* What to do
Both ends included, set down the lines from the line containing "主动运输与胞吞、胞吐课件-高一上学期生物人教版(2019)必修1" through the last line of the records below, without pictures.

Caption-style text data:

--- START ---

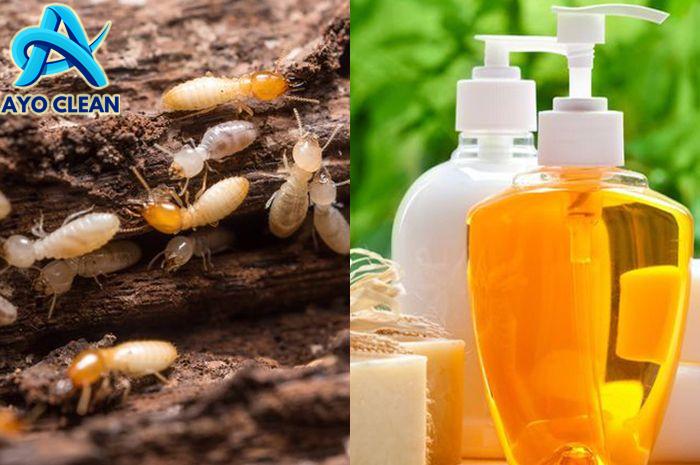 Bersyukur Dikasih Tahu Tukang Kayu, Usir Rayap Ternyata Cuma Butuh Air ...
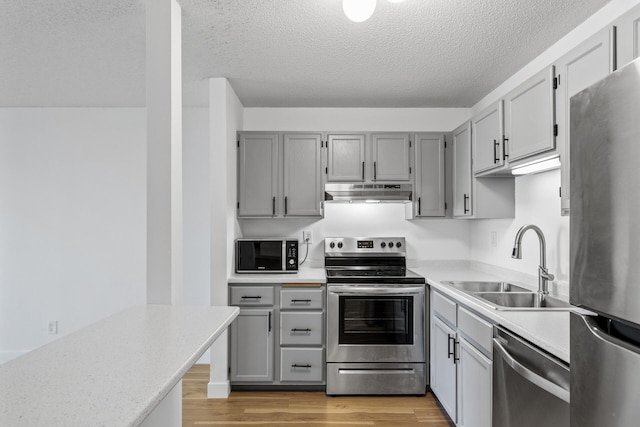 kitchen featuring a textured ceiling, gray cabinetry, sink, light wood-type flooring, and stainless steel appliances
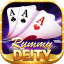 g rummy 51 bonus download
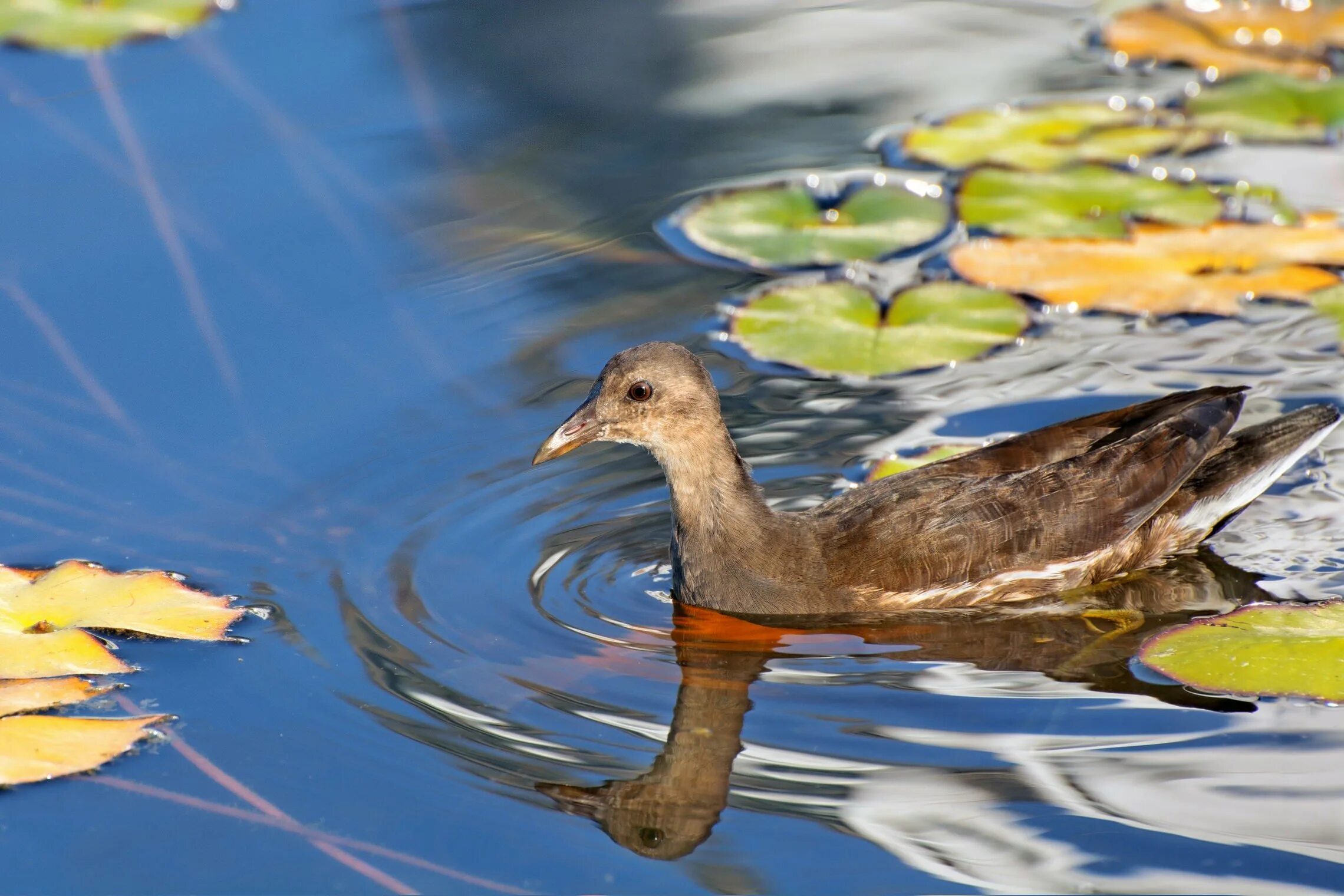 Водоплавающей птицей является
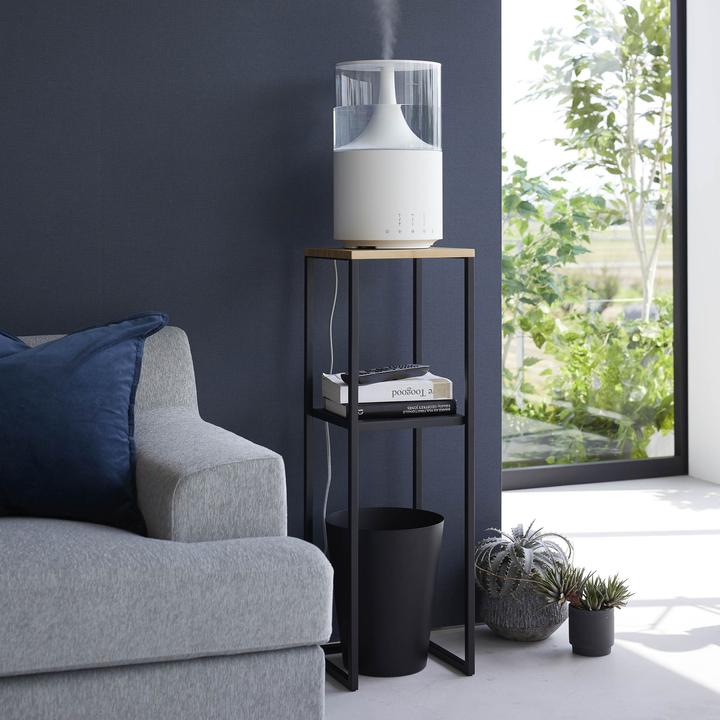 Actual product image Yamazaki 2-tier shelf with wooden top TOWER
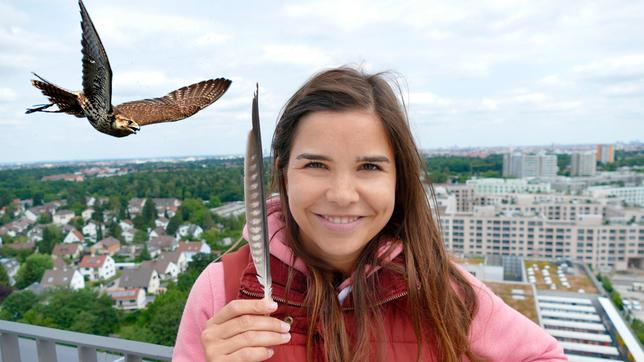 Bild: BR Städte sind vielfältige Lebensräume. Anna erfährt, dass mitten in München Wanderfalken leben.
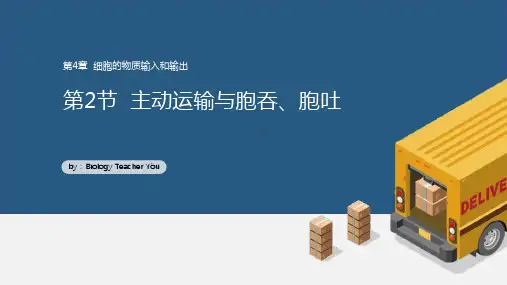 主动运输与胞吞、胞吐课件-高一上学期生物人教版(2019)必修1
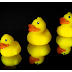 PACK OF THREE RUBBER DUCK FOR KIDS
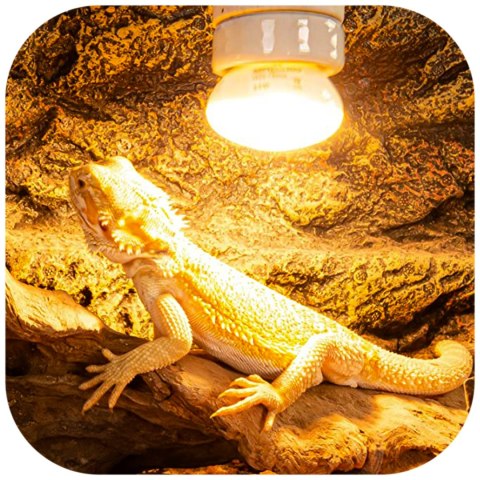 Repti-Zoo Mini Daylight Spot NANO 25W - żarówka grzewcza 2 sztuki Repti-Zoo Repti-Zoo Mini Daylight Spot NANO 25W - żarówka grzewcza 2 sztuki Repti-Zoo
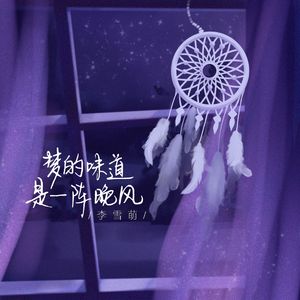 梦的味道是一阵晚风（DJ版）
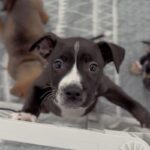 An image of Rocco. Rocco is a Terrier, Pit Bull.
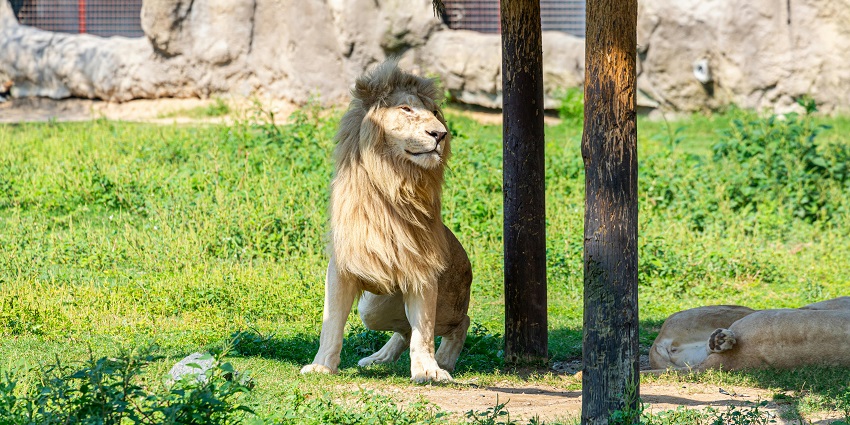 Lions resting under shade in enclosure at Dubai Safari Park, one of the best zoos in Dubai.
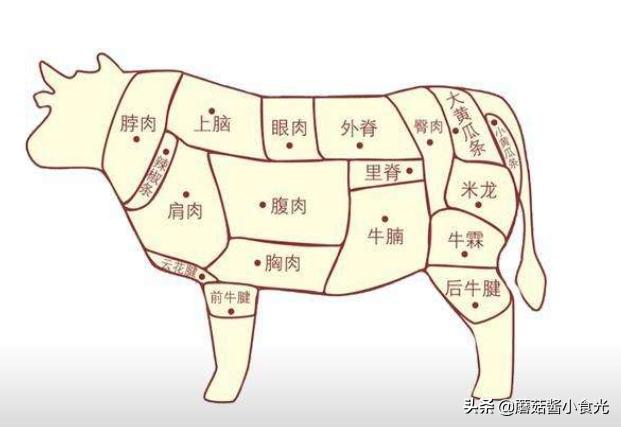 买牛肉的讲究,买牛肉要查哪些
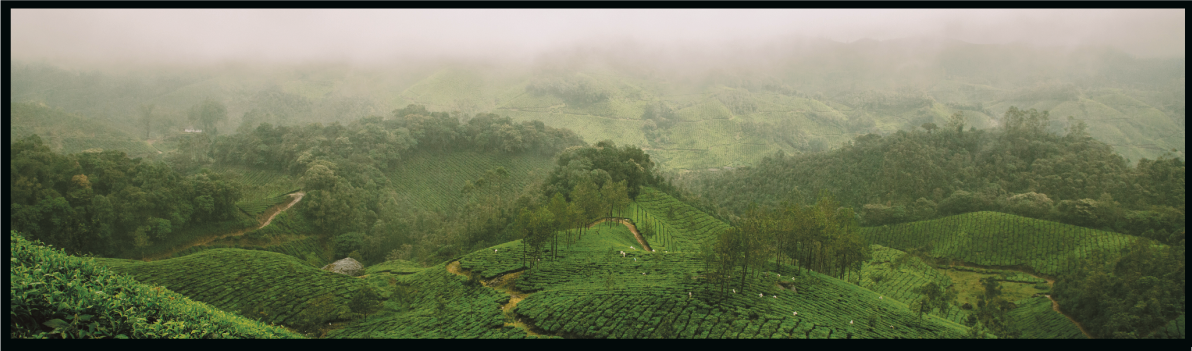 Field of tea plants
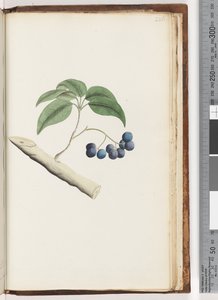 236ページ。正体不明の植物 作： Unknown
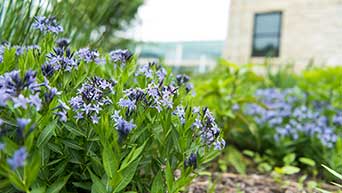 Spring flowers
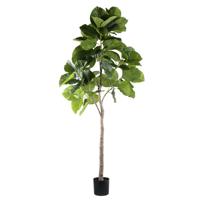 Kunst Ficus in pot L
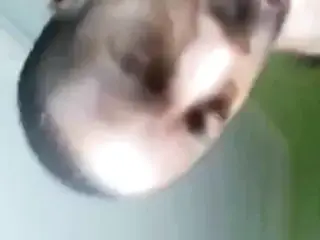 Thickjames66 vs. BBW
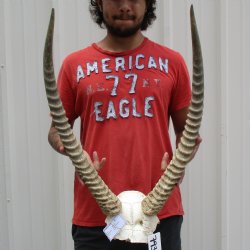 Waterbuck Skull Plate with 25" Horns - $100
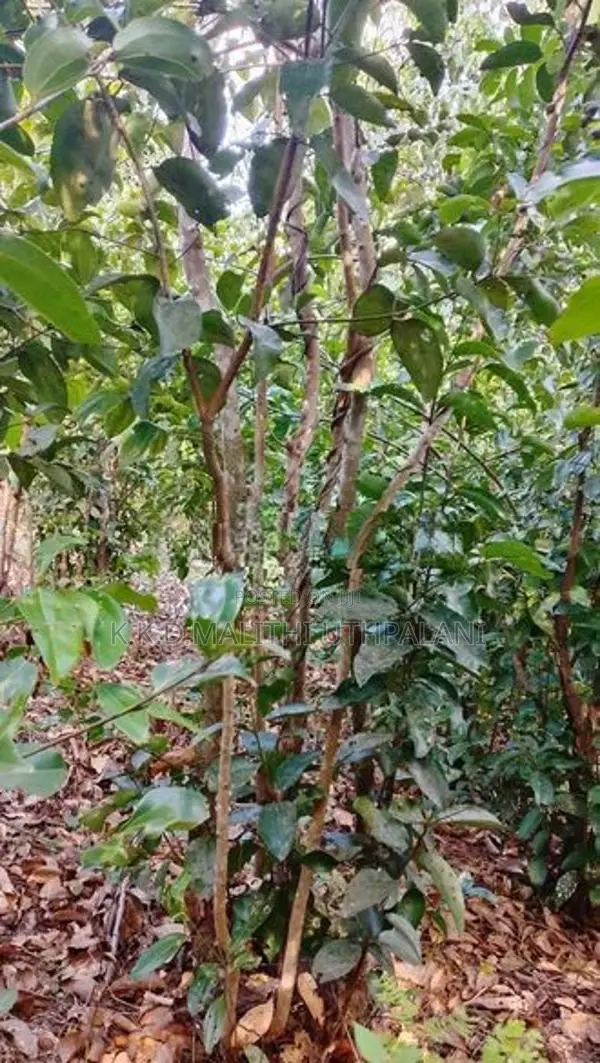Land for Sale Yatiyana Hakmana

--- END ---

* Expected output
 主动运输与胞吞、胞吐课件-高一上学期生物人教版(2019)必修1
 PACK OF THREE RUBBER DUCK FOR KIDS
 Repti-Zoo Mini Daylight Spot NANO 25W - żarówka grzewcza 2 sztuki Repti-Zoo Repti-Zoo Mini Daylight Spot NANO 25W - żarówka grzewcza 2 sztuki Repti-Zoo
 梦的味道是一阵晚风（DJ版）
 An image of Rocco. Rocco is a Terrier, Pit Bull.
 Lions resting under shade in enclosure at Dubai Safari Park, one of the best zoos in Dubai.
 买牛肉的讲究,买牛肉要查哪些
 Field of tea plants
 236ページ。正体不明の植物 作： Unknown
 Spring flowers
 Kunst Ficus in pot L
 Thickjames66 vs. BBW
 Waterbuck Skull Plate with 25" Horns - $100
Land for Sale Yatiyana Hakmana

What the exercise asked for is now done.